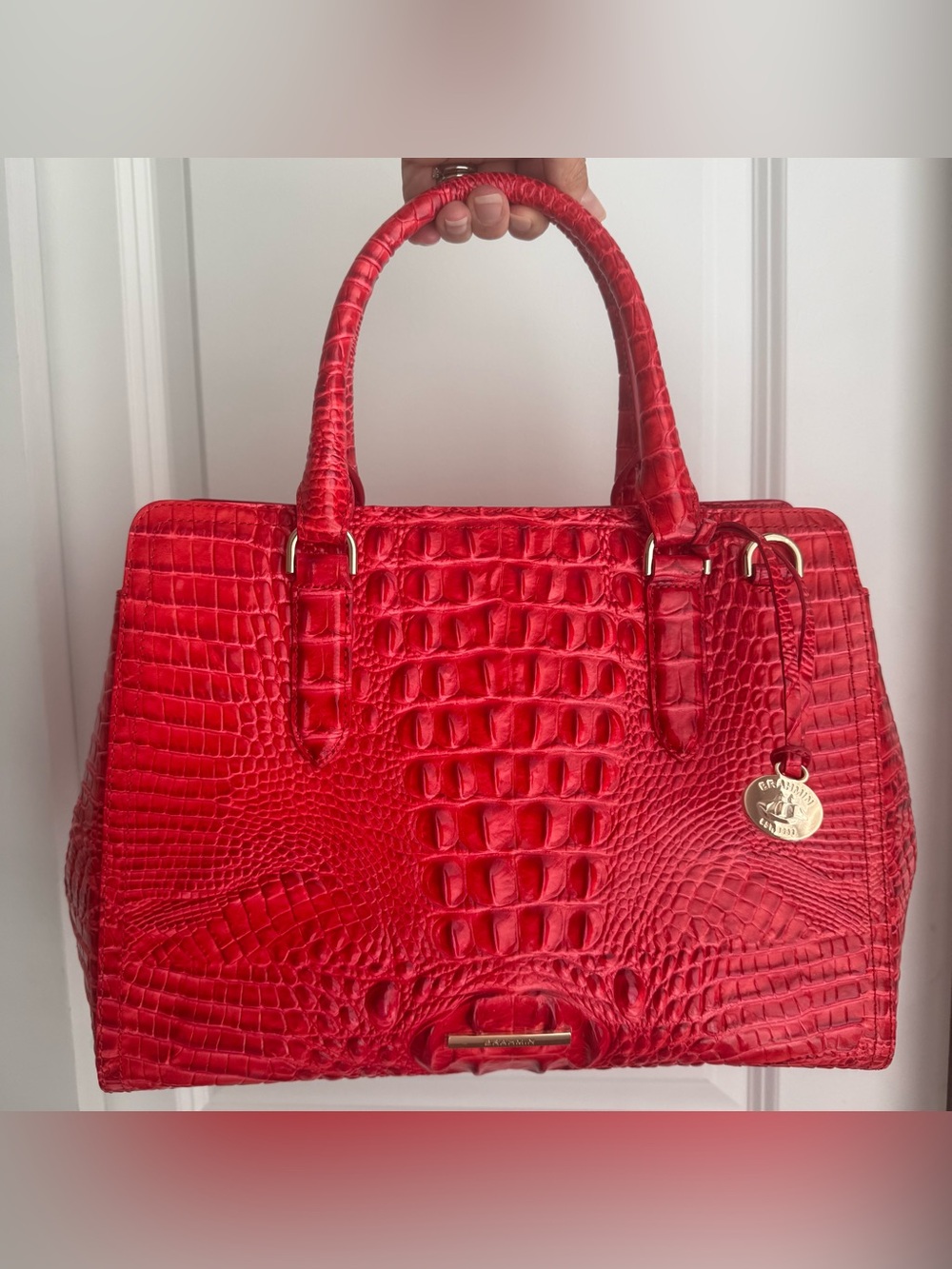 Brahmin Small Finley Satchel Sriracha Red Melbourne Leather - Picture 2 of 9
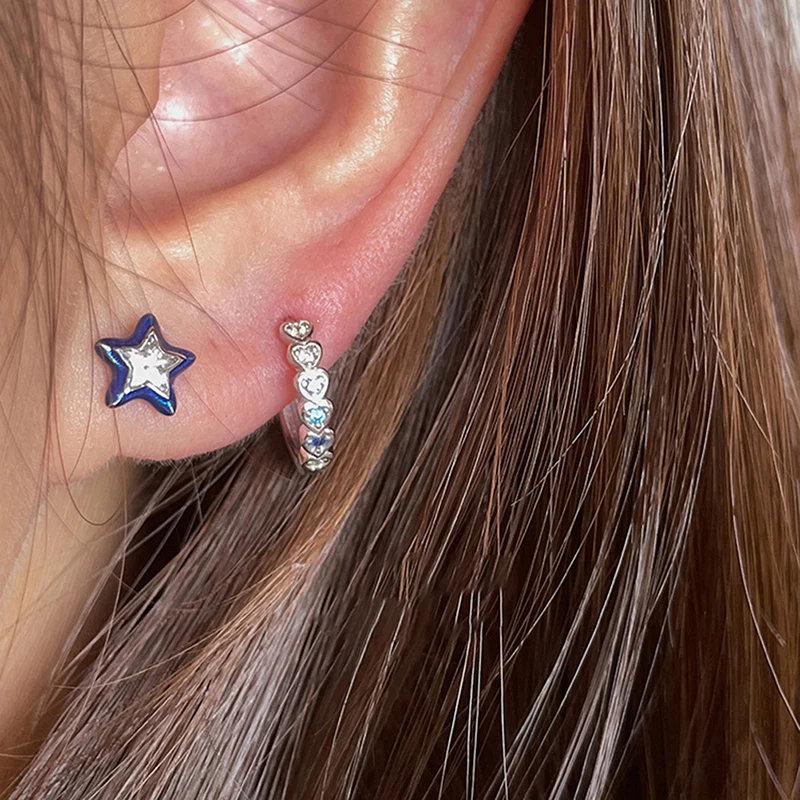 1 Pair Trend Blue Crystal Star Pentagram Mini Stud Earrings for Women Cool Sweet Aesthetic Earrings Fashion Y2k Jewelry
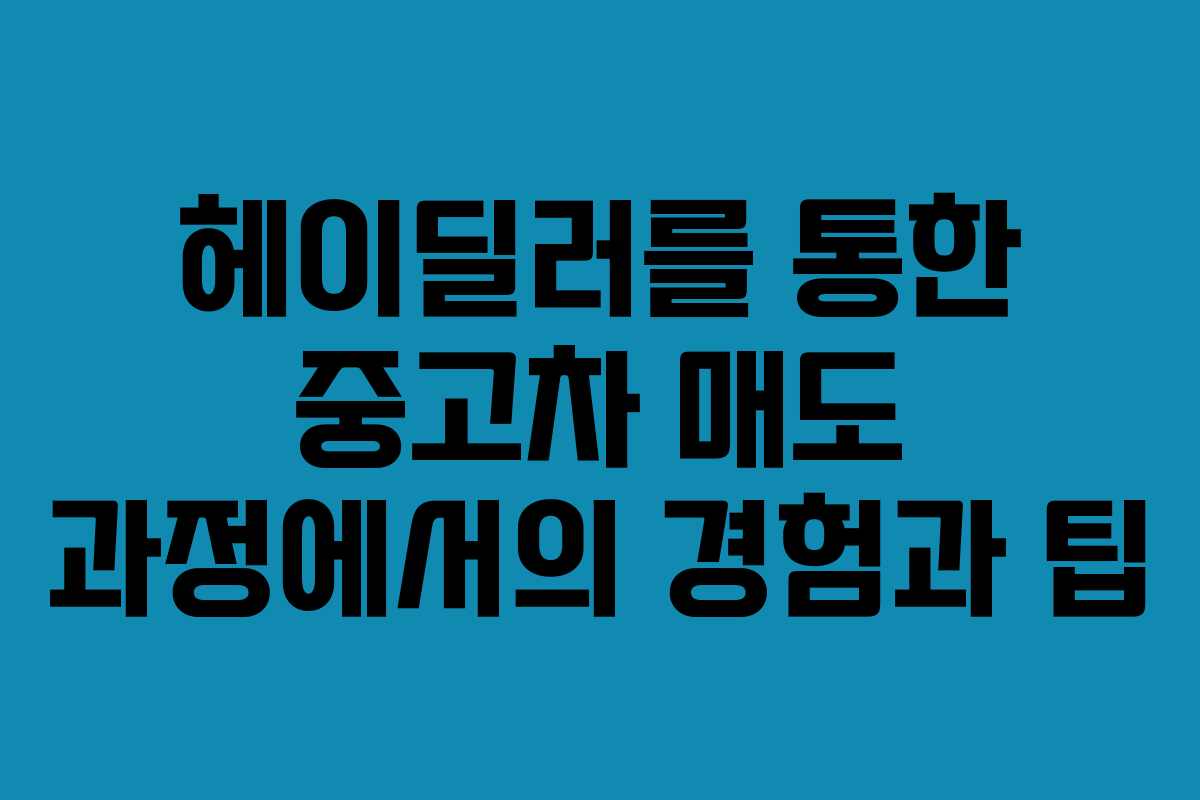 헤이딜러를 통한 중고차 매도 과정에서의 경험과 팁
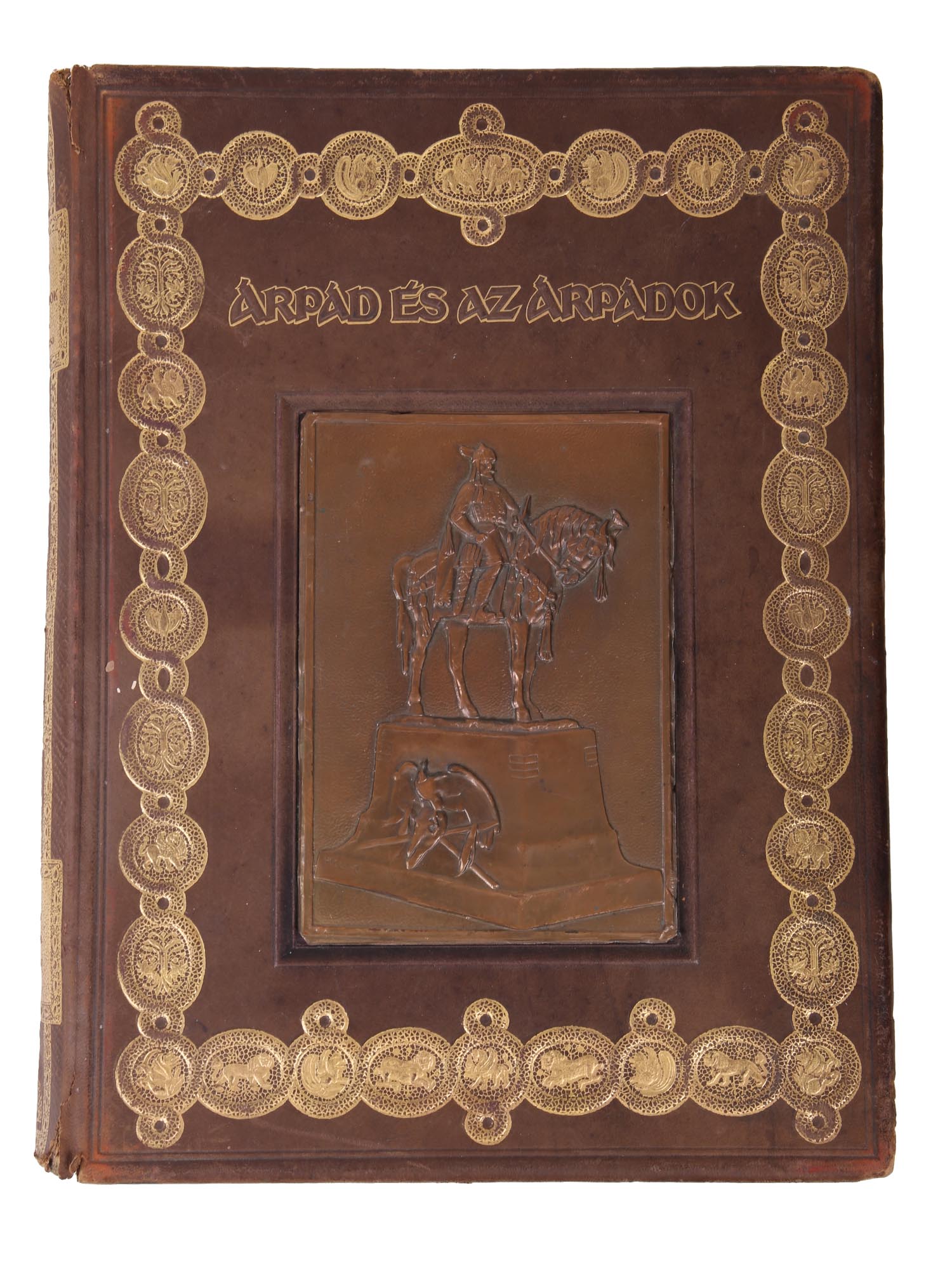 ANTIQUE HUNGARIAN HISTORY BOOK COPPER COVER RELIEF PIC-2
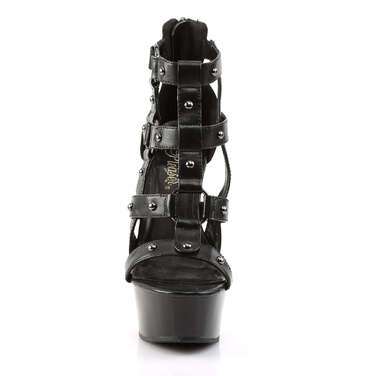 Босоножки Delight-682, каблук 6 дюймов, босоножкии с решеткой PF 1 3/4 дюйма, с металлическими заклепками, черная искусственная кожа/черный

━━━━

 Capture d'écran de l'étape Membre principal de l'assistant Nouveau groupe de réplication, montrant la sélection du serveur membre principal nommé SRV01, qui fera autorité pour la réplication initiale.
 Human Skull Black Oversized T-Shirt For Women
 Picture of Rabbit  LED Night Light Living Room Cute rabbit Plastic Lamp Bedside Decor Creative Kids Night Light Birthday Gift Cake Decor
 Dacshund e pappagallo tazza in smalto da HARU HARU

━━━━

(Exercise objective): Which lines above run from the one containing "Picture of Rabbit" to the one containing "Dacshund e pappagallo"? Give them again exactly, both ends included.

(Written solution):
 Picture of Rabbit  LED Night Light Living Room Cute rabbit Plastic Lamp Bedside Decor Creative Kids Night Light Birthday Gift Cake Decor
 Dacshund e pappagallo tazza in smalto da HARU HARU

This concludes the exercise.